Welcome to a free world.
Kingroot are free to make their software anyway they want.
Chainfire is free to make his software any way he wants.
You (the user) is free to use one or the other or neither if you want.
If you dislike how kinguser is handeling this situation, but you still want a way to root without tripping knox then, you are free to design and write that code yourself.
Also as for what is in it for the kingxteam remember google, facebook, and quite a few others made products with not very solid monetarization ideas and now they are worth quite a bit. Much of the internet age has been make a product many ppl use and figure out a way to turn a profit afterwords.
Agreed, user choice at the end of the day, we get this same attitude in the HTC forum regarding sunshine s-off.
If you don't like it don't use it or remove it, they don't stop you doing that.

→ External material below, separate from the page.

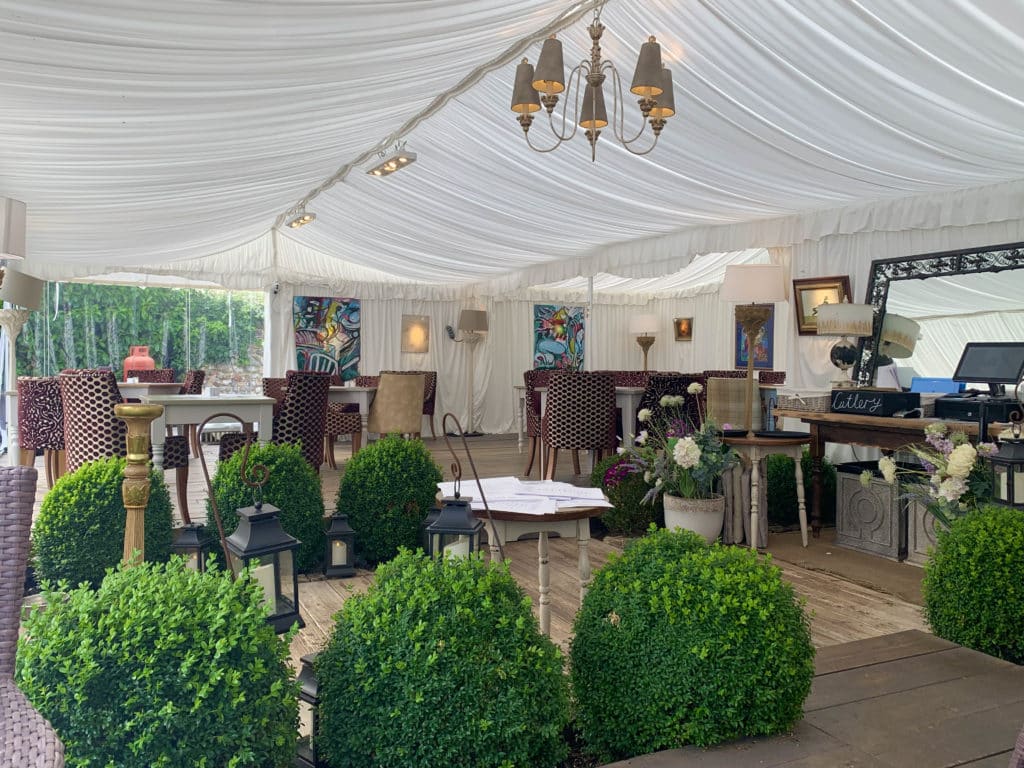 vegetarian-friendly places to dine in Norfolk: The Wiveton Bell Interiors with topiary plants, tabels and chairs and a wooden floor in a white marquee set-up.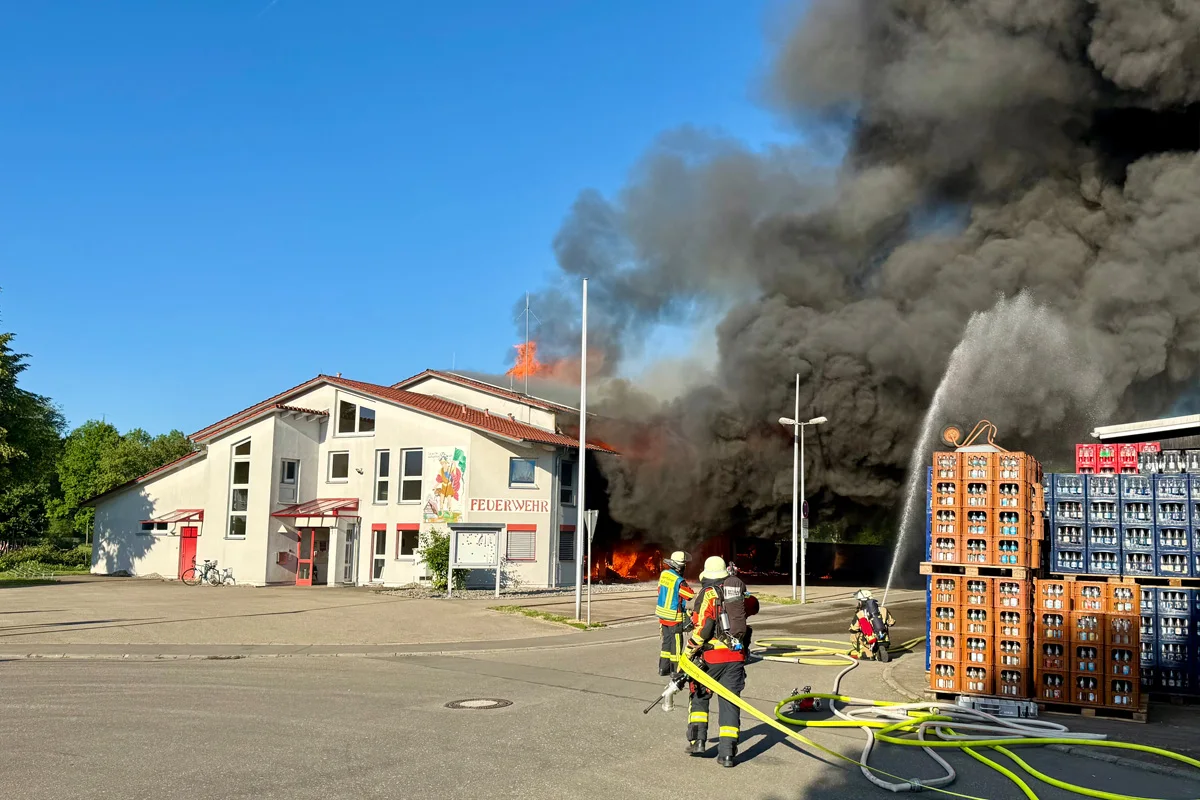 Mehrere Feuerwehrleute bekämpfen einen massiven Brand in einem großen Gebäude, dichter schwarzer Rauch steigt auf.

As for the fear factor of using an unknown app, isn't that what millions of people do everyday when installing apps on their device?
The average user never pays any mind to the permissions some of those apps use.
If it works they use it, simple as.
If your happy to let an exploit hack your device and gain high level privileges to it you can't be that concerned with Security otherwise you wouldn't root in the first place.
Too much paranoia going on here me thinks.
Personally I don't give a fig about kingteam planting a time bomb on my device, what's the worst that can happen? Once I get root I can weed out any naughty stuff.
Today's devices are becoming very secure for the average user, but the tinkerers don't like that, so what do the majority do? Root, flash custom kernels, Roms and recoveries and override all that security that's been implemented.
And were worried about a couple of little apps? Come on.
acdbrn2000 said:
Welcome to a free world.
Click to expand...
Click to collapse
There's always someone who'll come up with the age old saying of 'well if you don't like it don't use it.'
Frankly there's not a lot left to say to such posts and that is probably a good point to leave it.
Well it's quite interesting to read this over a year later and seeing how Kingroot has an app in the play store but I have looked everywhere and it's installed as a system app on my phone, I was actually researching FlashFire hoping to be able to get an OTA update and now I am looking to uninstall KingRoot 5.0.0 to go back to an older version of KingRoot. I would like to be able to switch out KingSU for supersu. But each belongs to each developer.